§ Exercise requirements:
Everything from the line that holds "Puff-sleeve Flower Print" through the end of the listing below must be retyped word for word, without any pictures.
*** The data ***
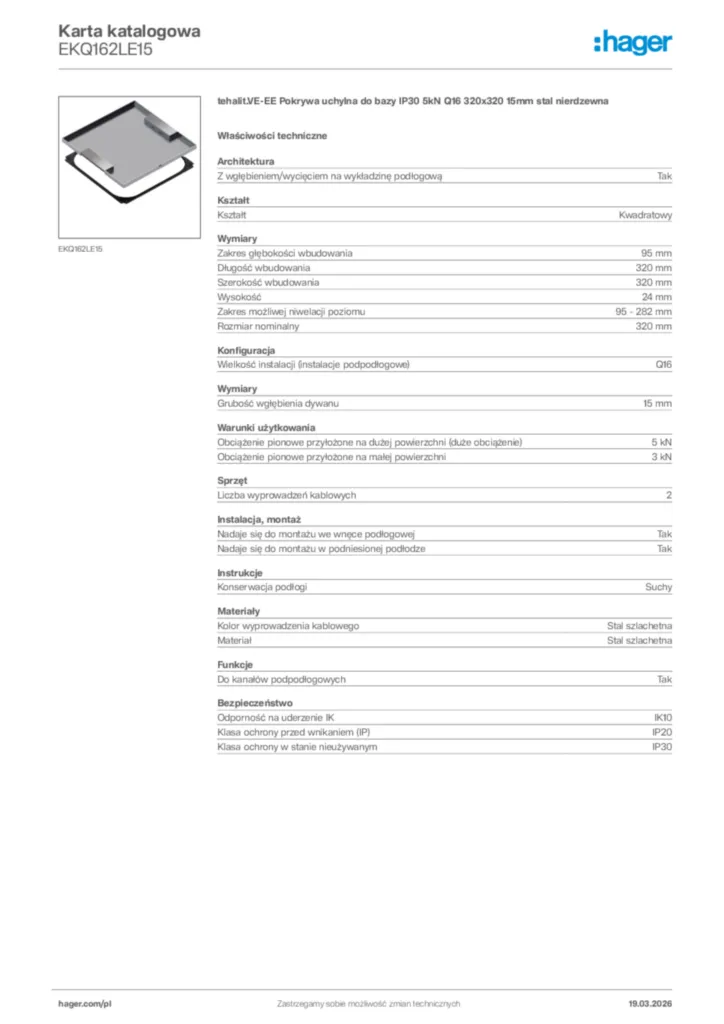 Zdjęcie Hager Karta katalogowa EKQ162LE15 | Hager Polska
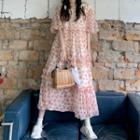 Puff-sleeve Flower Print Midi A-line Dress Pink & Almond - One Size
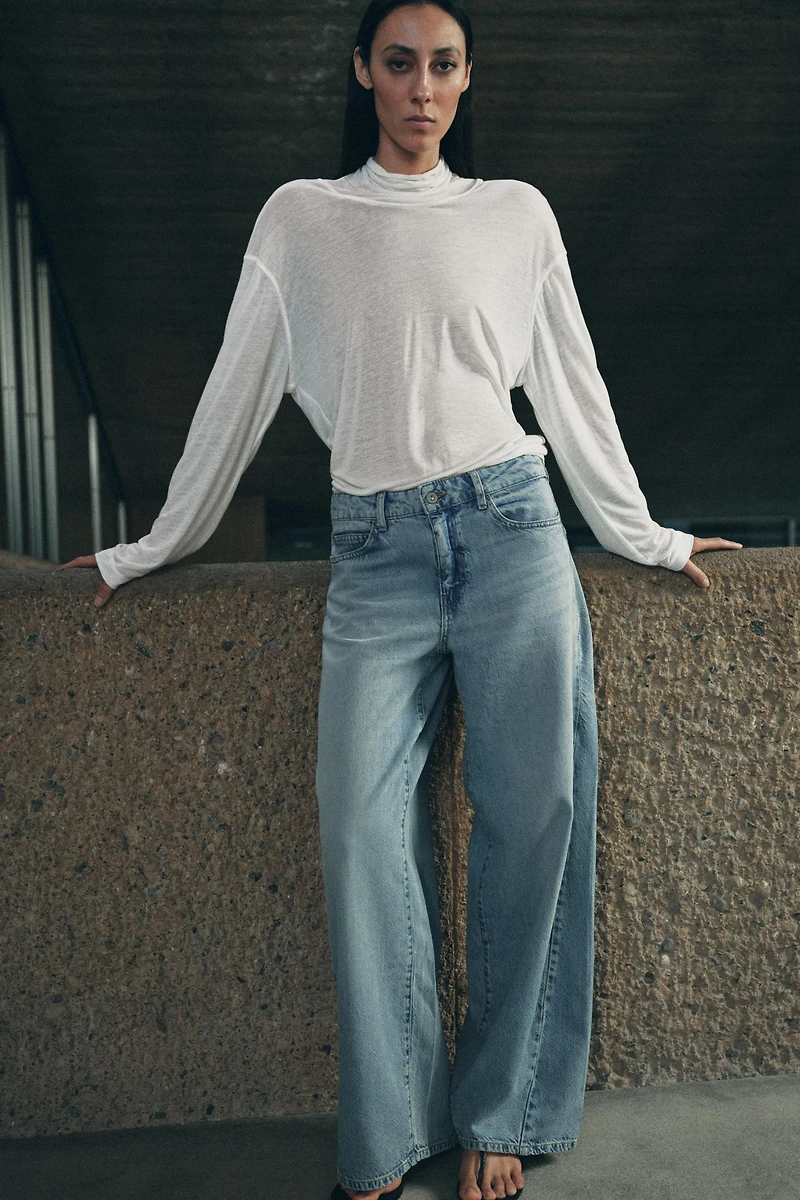 ZW COLLECTION LOOSE BARREL MID-RISE JEANS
*** End of The data ***
§ Exercise solution:
 Puff-sleeve Flower Print Midi A-line Dress Pink & Almond - One Size
 ZW COLLECTION LOOSE BARREL MID-RISE JEANS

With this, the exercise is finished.